Exercise inputs.
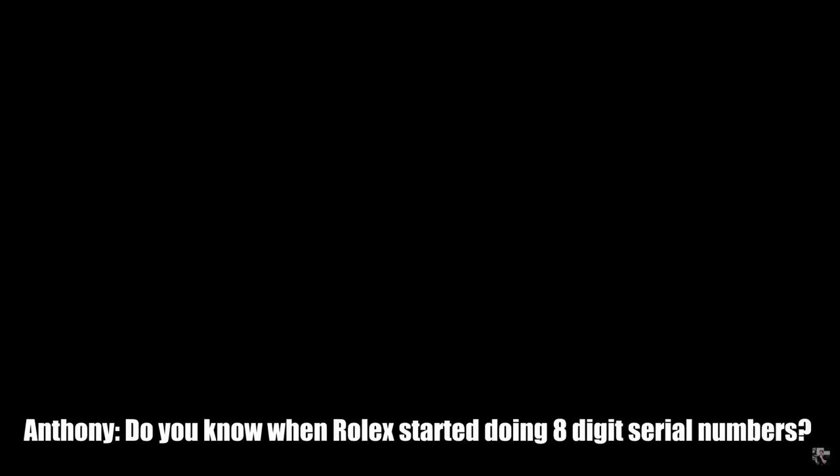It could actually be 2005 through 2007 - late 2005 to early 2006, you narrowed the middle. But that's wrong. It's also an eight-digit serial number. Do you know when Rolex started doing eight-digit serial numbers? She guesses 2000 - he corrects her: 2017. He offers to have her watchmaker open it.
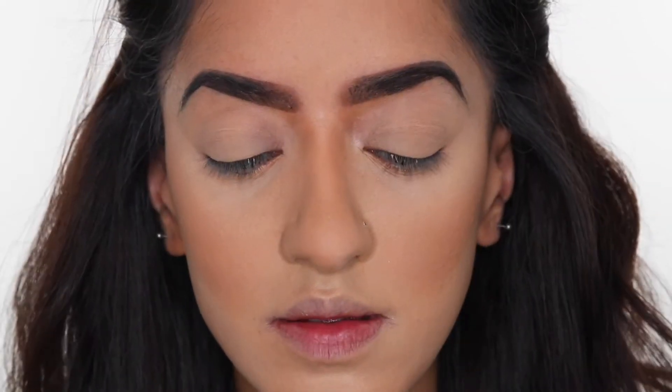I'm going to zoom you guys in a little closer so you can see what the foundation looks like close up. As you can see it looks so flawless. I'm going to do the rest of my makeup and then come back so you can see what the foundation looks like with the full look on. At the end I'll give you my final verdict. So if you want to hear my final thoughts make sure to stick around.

--

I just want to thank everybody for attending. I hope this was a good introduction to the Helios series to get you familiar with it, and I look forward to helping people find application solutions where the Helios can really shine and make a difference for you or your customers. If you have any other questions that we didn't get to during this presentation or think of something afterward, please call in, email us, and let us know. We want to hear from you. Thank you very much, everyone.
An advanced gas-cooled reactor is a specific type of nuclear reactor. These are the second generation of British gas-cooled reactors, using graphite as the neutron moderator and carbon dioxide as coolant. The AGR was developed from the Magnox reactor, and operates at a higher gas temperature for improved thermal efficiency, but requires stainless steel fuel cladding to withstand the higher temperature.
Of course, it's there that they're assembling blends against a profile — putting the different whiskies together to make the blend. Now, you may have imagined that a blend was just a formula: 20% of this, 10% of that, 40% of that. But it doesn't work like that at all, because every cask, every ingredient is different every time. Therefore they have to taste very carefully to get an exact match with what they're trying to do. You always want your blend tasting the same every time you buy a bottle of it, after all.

==

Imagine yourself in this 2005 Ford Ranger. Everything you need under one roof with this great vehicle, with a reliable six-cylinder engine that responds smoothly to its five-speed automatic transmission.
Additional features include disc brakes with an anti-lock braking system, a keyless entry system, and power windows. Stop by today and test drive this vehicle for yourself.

Exercise brief. Copy out precisely the lines from the line with "Imagine yourself in" to the line with "Additional features include" in the material above, including those two lines and omitting all the rest.

Task answer.
Imagine yourself in this 2005 Ford Ranger. Everything you need under one roof with this great vehicle, with a reliable six-cylinder engine that responds smoothly to its five-speed automatic transmission.
Additional features include disc brakes with an anti-lock braking system, a keyless entry system, and power windows. Stop by today and test drive this vehicle for yourself.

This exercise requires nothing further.